One of these delicious offerings was the response of someone named Alison Lundergan Grimes, the Democratic nominee for Senate from Kentucky, when she was asked, in an editorial conference at the Louisville Courier-Journal, whether she had voted for the much-detested-in-Kentucky Barack Obama. Over and over, she refused to provide an answer, blathering instead about what the election is really about, slamming her opponent, and saying that she “respect[s] the sanctity of the ballot box” (an odd way of indicating that although you want to go to the Senate and vote all the time, you won’t say how you voted for president). In this case, the hardcore partisan decided (and it was a decision, because her response was immediate and well-rehearsed) that hiding from her own party allegiance was worth the price of looking like a clown. Either that, or she’s so stupid she didn’t realize that she’d look like a clown. Anyway, it was a hilarious performance.

A few days before, Republican activists had secretly recorded conversations with activists in the Grimes campaign, including a major donor. They then shared these conversations with the national audience — chiefly comments about how Grimes was lying all the time about her support for the state’s leading industry, coal. Her reason? Otherwise, you dope, she would never get elected!

Who can withstand the force of arguments like that? Who can resist the comedy of people working in a moralistic cause while espousing a philosophy of amoralism?
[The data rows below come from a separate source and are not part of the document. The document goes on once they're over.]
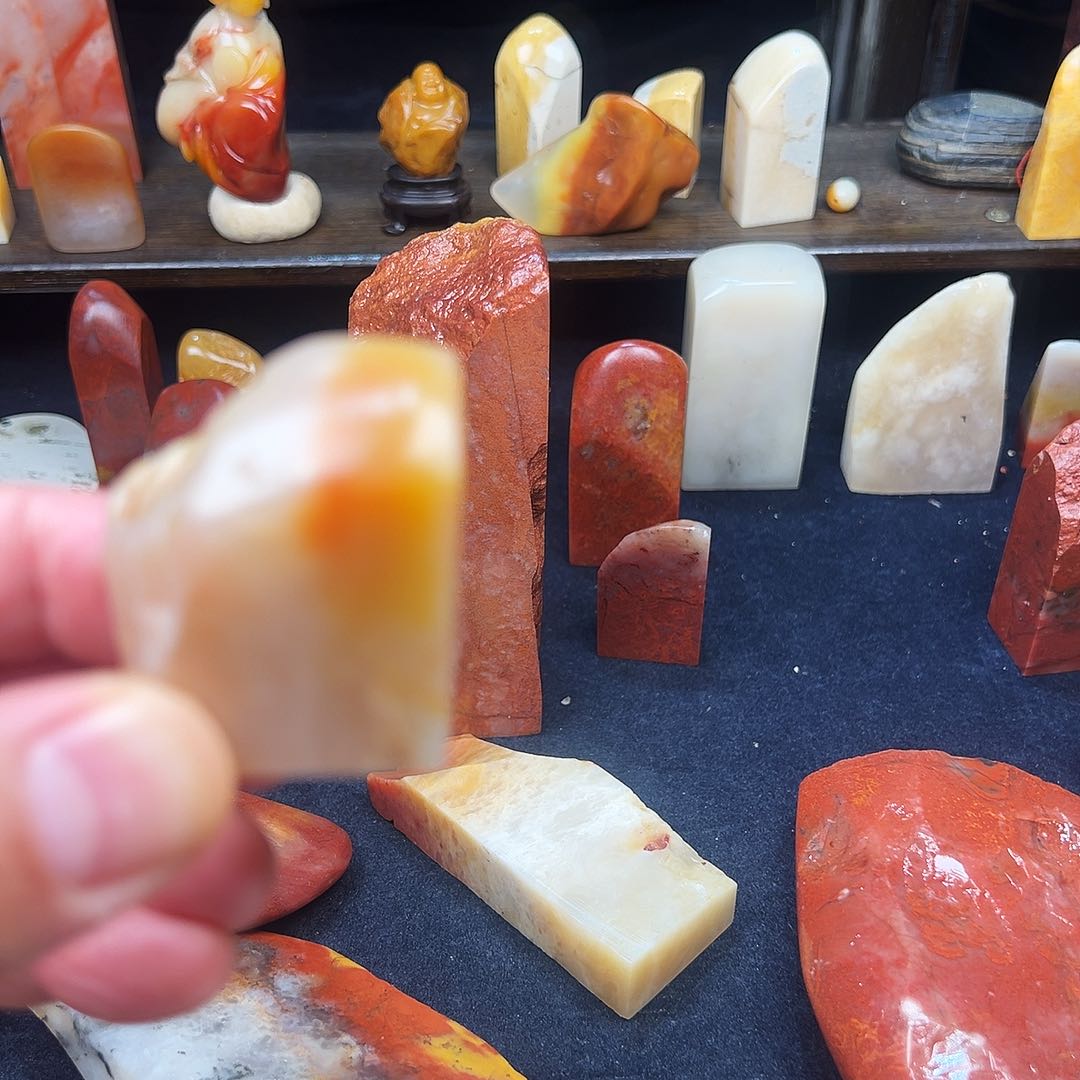 寿山石印石十**晚寿山石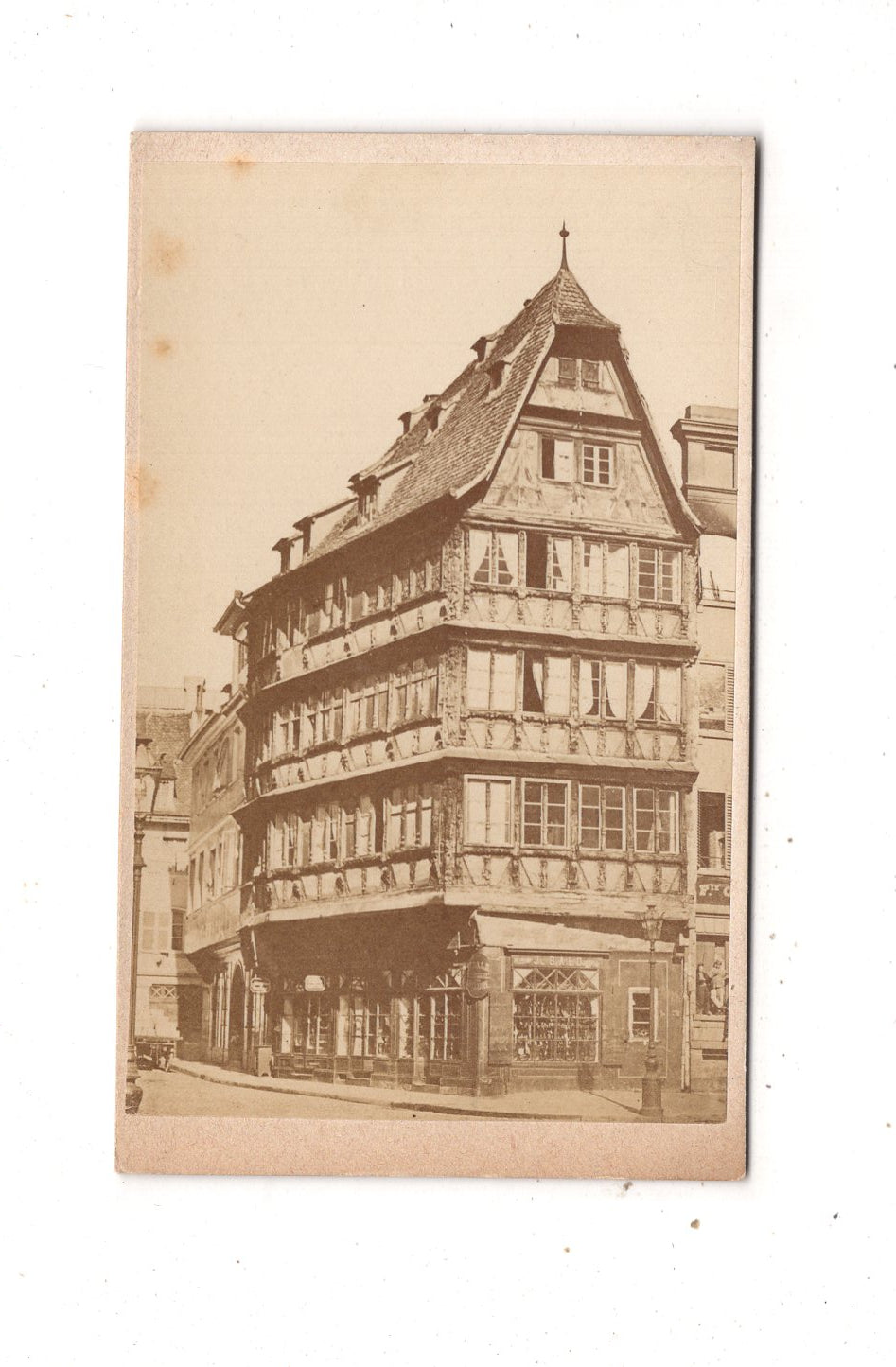 Fotografie Maison Kammerzell in Straßburg - 1870er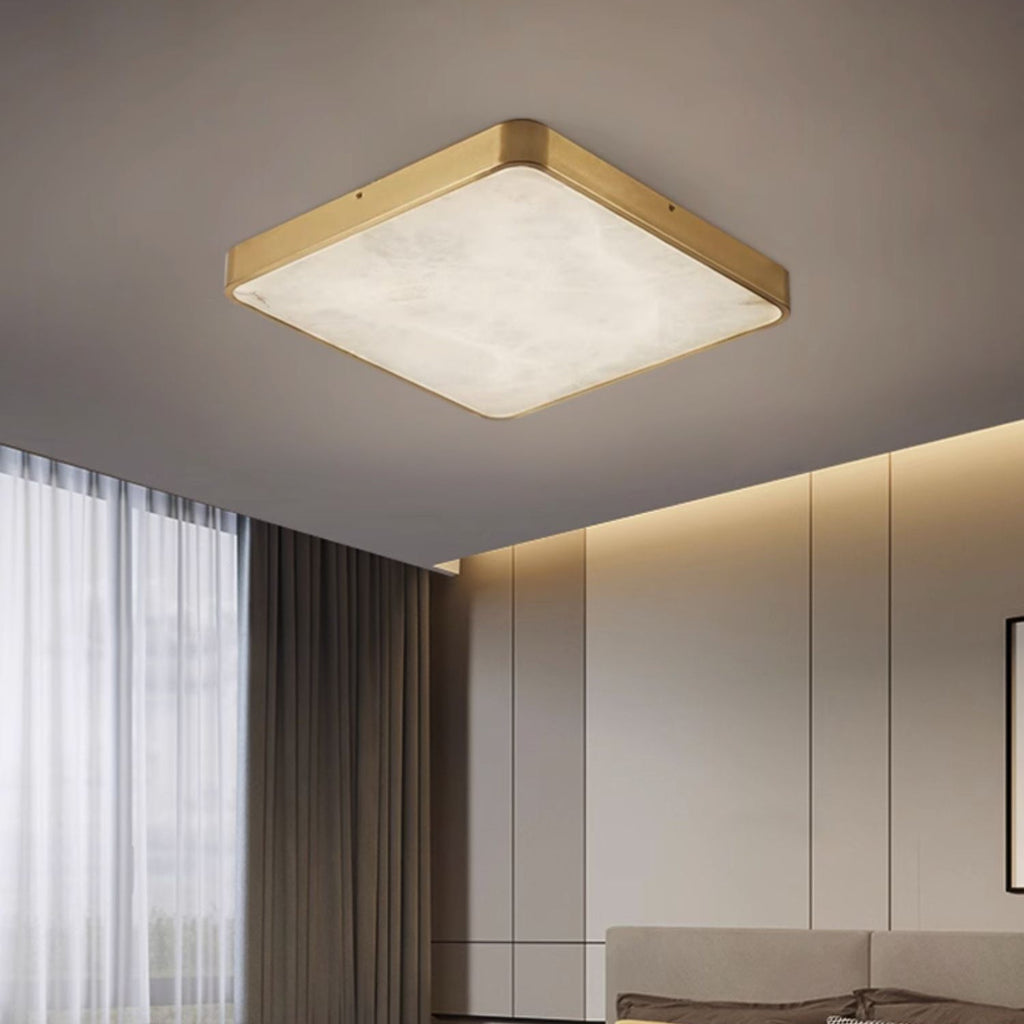 Lampada da soffitto in alabastro incassata Uzoror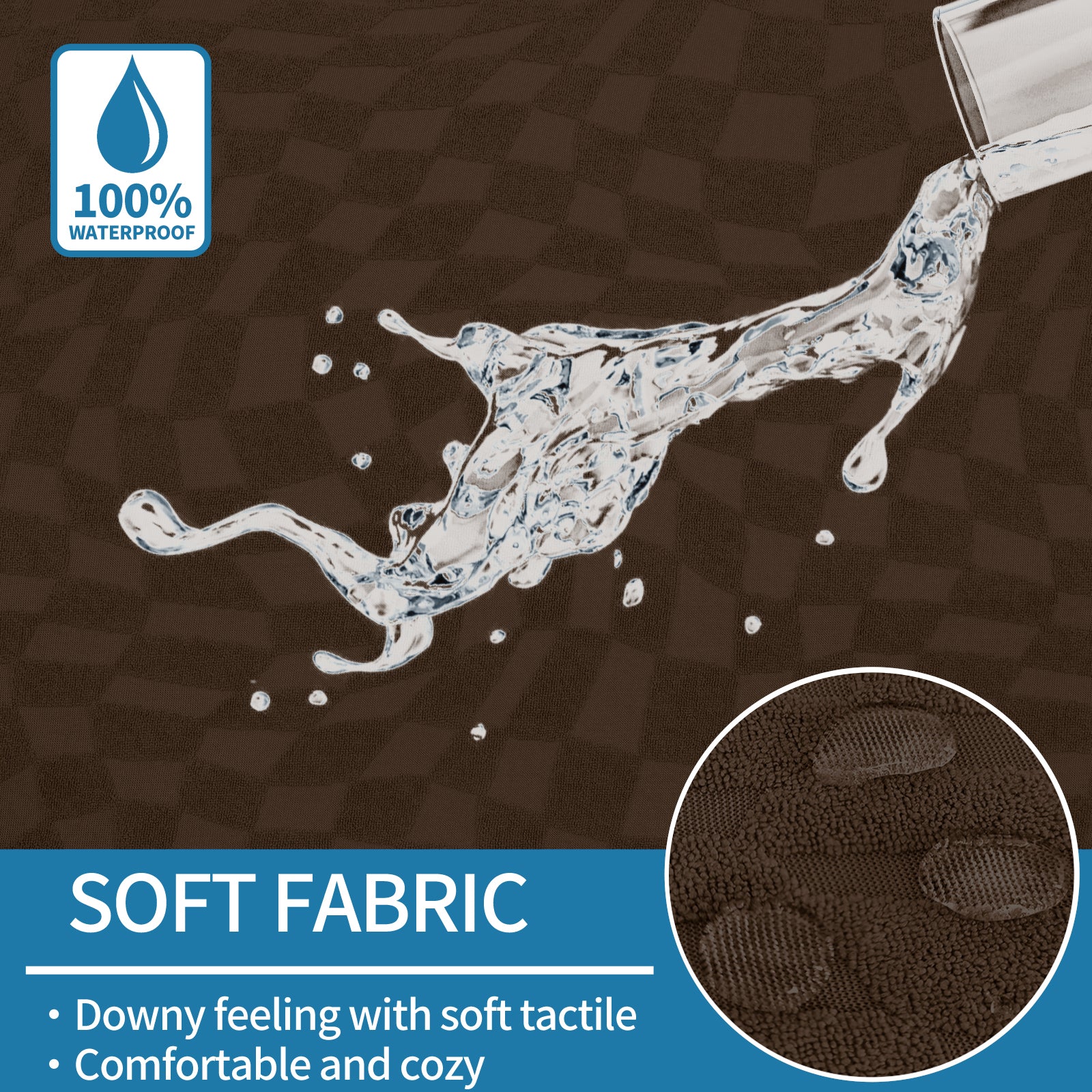 YSTYLE 2 pezzi copertura elastica per divano angolare, 2+2 posti a forma di L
Even funnier was an editorial statement that appeared in the Louisville Courier-Journal, in which the paper’s politics writer explains why it wouldn’t publish anything about the Republicans’ conversational adventures. You can read the statement for yourself and assess the reasons. But the first thing you’ll notice is that in explaining why the paper won’t run the story, the writer goes ahead and recites the whole thing!